When they got back home, the wife told the husband she wanted a bowl of ice cream and he said he’d get it for her. She told him to write it down, but he said he could remember a bowl of ice cream.
But, she added, she wanted strawberries on top of her ice cream, and again told him to write it down. He refused, saying he could remember a bowl of ice cream with strawberries.
She then said she wanted whipped cream on top of the strawberries and again told him to write it down. He again refused, saying he could remember a bowl of ice cream with strawberries and whipped cream on top.
Twenty minutes later the husband returned with a plate of eggs and bacon. This made the wife very angry, and she told her husband that he should have wrote himself a note because he’d forgotten her toast.
Morris told this story during the celebration of the Fifth Week of Lent at Grace United Methodist Church Wednesday afternoon.
Traditionally, Lent lasts for 40 days, the number of days Jesus spent in the wilderness following his baptism by John the Baptist and prior to beginning His earthly ministry. Wednesday was the sixth in a series of Community Lenten Services that began on Ash Wednesday and will continue through Easter. Each service features a Meditation sermon delivered by a different minister from a different church in Union County.

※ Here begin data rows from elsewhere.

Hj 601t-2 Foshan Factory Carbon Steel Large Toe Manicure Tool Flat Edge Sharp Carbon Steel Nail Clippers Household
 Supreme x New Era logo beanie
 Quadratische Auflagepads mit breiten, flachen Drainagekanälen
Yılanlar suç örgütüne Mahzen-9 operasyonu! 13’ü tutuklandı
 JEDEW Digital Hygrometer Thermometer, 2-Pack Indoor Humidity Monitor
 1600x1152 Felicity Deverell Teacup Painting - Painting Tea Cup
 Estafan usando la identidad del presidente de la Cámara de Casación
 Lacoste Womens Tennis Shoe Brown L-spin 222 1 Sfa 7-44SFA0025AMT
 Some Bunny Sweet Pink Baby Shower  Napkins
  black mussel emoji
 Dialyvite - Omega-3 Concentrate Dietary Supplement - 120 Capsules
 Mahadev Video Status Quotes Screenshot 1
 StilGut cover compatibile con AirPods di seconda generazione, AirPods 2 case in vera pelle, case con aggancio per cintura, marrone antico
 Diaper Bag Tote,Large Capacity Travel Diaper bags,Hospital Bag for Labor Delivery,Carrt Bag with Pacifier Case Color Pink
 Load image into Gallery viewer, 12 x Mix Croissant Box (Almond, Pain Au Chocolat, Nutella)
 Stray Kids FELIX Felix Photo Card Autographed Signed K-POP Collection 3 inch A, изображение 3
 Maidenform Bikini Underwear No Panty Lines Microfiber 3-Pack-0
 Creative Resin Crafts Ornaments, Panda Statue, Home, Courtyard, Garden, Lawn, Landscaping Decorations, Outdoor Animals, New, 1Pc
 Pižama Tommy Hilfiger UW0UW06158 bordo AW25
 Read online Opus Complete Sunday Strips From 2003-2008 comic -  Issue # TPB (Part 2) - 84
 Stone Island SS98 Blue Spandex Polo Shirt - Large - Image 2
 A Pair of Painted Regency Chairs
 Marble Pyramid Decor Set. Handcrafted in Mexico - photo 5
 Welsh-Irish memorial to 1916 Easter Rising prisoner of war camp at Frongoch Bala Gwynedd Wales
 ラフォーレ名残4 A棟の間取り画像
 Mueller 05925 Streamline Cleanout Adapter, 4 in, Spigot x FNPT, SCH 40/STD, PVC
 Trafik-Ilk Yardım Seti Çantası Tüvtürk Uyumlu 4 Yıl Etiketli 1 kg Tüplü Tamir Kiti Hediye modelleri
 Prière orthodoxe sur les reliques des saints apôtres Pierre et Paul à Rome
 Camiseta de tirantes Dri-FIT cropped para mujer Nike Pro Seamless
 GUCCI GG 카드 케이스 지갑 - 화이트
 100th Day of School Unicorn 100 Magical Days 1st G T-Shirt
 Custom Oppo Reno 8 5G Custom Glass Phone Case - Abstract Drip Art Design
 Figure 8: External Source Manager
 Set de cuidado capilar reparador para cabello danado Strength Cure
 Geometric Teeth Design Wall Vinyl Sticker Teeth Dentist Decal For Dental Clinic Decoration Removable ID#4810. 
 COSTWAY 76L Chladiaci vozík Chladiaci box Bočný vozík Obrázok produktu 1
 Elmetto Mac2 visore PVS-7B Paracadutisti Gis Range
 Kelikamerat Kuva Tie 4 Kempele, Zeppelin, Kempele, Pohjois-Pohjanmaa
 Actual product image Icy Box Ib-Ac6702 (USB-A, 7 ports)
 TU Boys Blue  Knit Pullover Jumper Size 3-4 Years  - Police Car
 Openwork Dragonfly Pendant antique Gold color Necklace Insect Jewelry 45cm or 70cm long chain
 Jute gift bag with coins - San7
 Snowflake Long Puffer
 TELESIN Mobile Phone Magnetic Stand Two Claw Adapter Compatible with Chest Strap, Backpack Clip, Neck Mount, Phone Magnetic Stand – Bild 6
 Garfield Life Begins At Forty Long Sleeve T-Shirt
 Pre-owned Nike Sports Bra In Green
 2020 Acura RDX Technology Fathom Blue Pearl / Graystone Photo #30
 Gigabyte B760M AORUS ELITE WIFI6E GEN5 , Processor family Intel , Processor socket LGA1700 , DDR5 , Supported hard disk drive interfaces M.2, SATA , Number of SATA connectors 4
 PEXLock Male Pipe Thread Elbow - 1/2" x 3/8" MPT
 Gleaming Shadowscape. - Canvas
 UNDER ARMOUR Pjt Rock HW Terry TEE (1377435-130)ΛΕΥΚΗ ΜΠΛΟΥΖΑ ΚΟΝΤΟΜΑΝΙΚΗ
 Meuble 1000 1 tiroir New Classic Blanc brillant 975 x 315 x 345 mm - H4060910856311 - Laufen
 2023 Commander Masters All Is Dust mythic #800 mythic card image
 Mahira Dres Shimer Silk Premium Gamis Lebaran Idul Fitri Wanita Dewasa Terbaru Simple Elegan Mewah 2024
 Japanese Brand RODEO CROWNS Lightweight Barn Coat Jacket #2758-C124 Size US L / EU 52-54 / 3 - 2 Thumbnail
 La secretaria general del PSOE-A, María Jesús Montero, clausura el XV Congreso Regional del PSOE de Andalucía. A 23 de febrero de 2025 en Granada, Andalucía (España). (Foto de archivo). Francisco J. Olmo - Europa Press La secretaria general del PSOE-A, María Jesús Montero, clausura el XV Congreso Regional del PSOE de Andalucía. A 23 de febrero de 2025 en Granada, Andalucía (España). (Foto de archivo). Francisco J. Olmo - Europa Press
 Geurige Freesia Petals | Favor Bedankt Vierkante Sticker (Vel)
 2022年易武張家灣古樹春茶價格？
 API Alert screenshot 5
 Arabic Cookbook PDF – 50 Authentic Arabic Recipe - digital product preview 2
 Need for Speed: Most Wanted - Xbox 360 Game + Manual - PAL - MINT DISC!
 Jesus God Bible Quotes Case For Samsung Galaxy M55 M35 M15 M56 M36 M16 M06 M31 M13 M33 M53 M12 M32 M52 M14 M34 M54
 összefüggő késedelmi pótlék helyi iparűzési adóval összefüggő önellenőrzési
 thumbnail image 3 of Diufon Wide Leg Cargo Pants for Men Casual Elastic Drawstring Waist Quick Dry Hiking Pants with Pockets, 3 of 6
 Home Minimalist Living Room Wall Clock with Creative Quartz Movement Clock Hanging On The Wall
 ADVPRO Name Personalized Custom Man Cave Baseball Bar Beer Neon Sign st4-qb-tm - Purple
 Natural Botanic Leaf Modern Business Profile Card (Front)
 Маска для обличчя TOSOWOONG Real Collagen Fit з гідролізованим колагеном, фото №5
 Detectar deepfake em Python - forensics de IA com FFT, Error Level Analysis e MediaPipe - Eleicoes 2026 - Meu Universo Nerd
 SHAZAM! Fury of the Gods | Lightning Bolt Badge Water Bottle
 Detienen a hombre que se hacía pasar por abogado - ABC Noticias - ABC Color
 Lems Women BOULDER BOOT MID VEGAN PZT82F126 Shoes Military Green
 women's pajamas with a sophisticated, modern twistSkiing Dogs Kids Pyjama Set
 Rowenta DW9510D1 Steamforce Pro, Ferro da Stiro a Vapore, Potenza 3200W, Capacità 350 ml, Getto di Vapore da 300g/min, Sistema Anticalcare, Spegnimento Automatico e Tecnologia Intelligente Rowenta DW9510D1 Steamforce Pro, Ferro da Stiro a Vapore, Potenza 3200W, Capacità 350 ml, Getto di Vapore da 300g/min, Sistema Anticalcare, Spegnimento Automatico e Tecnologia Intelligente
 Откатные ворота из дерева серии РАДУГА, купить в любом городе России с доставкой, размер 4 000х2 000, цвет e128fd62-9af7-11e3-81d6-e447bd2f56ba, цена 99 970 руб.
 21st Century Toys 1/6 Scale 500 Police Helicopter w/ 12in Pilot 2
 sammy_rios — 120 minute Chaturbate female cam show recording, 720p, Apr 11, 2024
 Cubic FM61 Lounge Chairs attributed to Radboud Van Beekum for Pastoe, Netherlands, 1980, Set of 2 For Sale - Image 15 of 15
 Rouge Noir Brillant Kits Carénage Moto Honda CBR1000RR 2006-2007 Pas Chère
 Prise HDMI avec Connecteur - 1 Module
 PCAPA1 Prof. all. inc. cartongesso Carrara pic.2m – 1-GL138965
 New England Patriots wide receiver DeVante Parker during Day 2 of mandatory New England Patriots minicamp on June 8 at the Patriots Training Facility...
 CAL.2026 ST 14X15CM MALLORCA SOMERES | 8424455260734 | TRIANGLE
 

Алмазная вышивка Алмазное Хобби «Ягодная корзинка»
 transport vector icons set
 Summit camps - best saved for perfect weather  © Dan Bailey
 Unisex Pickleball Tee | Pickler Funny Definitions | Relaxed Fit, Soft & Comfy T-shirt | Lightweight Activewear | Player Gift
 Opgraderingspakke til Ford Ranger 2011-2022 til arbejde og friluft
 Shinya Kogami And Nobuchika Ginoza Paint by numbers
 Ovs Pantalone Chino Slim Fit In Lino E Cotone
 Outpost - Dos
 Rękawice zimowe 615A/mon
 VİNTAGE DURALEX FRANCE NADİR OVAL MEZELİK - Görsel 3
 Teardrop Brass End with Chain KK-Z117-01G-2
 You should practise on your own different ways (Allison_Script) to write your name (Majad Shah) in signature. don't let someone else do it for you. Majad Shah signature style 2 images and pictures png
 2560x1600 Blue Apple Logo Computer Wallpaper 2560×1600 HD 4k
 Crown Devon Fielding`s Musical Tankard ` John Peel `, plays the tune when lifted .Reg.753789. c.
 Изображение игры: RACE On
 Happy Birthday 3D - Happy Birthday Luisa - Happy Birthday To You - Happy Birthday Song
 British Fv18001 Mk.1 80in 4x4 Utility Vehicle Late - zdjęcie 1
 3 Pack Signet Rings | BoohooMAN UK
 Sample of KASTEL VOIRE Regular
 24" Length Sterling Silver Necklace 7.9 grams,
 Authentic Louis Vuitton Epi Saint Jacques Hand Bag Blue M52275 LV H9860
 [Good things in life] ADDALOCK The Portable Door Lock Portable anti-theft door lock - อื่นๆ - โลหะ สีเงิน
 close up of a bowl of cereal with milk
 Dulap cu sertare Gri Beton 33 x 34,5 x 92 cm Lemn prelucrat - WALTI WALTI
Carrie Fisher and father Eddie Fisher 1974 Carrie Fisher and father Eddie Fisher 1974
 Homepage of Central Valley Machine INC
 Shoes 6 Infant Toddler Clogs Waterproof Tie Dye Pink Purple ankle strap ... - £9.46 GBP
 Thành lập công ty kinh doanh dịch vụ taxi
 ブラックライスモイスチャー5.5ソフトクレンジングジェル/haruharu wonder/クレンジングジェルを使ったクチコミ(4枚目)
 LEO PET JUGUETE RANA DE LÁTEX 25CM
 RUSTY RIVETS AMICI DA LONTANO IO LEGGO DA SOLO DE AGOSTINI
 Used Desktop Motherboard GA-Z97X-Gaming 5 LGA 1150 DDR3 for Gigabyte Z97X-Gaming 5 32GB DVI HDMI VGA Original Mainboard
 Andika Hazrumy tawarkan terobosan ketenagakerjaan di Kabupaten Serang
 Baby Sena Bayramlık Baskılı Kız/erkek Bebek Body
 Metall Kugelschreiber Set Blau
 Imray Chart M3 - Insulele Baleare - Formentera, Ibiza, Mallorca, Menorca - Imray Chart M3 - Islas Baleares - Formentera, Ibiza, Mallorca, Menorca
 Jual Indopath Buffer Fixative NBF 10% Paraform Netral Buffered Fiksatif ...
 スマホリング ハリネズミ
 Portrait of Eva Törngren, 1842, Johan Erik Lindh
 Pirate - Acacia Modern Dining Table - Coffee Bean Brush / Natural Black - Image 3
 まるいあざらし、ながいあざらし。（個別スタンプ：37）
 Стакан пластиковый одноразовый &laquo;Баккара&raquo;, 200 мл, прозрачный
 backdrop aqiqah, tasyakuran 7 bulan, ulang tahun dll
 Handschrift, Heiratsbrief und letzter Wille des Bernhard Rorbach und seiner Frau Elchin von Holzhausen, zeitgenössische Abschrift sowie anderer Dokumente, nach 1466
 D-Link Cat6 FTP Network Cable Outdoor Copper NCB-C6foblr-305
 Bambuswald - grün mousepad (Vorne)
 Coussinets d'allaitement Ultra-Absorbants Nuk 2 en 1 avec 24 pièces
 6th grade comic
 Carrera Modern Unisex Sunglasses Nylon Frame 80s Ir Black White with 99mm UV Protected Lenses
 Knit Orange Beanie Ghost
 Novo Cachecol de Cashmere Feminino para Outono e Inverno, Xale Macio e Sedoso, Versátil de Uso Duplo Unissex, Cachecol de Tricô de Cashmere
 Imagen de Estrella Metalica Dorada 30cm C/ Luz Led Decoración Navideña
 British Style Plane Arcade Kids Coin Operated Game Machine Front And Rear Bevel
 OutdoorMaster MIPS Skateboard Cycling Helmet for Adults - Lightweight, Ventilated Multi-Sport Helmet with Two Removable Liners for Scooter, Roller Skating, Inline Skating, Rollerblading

During his Lenten address, Morris urged the worshippers not to be forgetful like that couple, but instead be forgetful the way God wanted the Jewish people to be in the Book of Isaiah.
16 Thus saith the Lord, which maketh a way in the sea, and a path in the mighty waters;
17 Which bringeth forth the chariot and horse, the army and the power; they shall lie down together, they shall not rise: they are extinct, they are quenched as tow.
18 Remember ye not the former things, neither consider the things of old.
19 Behold, I will do a new thing; now it shall spring forth; shall ye not know it? I will even make a way in the wilderness, and rivers in the desert.
20 The beast of the field shall honour me, the dragons and the owls: because I give waters in the wilderness, and rivers in the desert, to give drink to my people, my chosen.
21 This people have I formed for myself; they shall shew forth my praise.
— Isaiah 43:16-21 (KJV)
Morris said that this message was given to the Jewish people during the Babylonian Captivity, the 70 years following the fall of the Kingdom of Judah, the sacking of Jerusalem and the destruction of the Temple of Solomon. He said that the message Isaiah gave to the Jewish people was to not dwell on the past to the point where they lost all hope for the future. Isaiah was telling them that God was still there, still all-powerful, and still working on behalf of His people and would perform even greater miracles on their behalf than He had for their ancestors.
That message applies to God’s people today, Morris said, pointing that all too often even Christians look back to the past as a golden time, despairing about the present and the future. He said that like the Jewish people in Babylon, Christians can become so focused on the past they forget that God and His works on their behalf are not things of the past, but things of the present and the future.
This tendency to look back to the past is often wrapped up in a belief that present troubles are insurmountable and nothing can be done about them. Morris said that this is the wrong attitude to take, as there is no problem so great that God cannot provide a solution to it and therefore Christians should place their trust and faith in God just as the Jewish people were urged by Isaiah to do.
Morris said in remembering the past, Christians should not dwell in it, but instead use it to help guide them to make better decisions and become better persons. The past should remind Christians of what God can do and inspire their faith in His ability to do even more on behalf of His children in the future.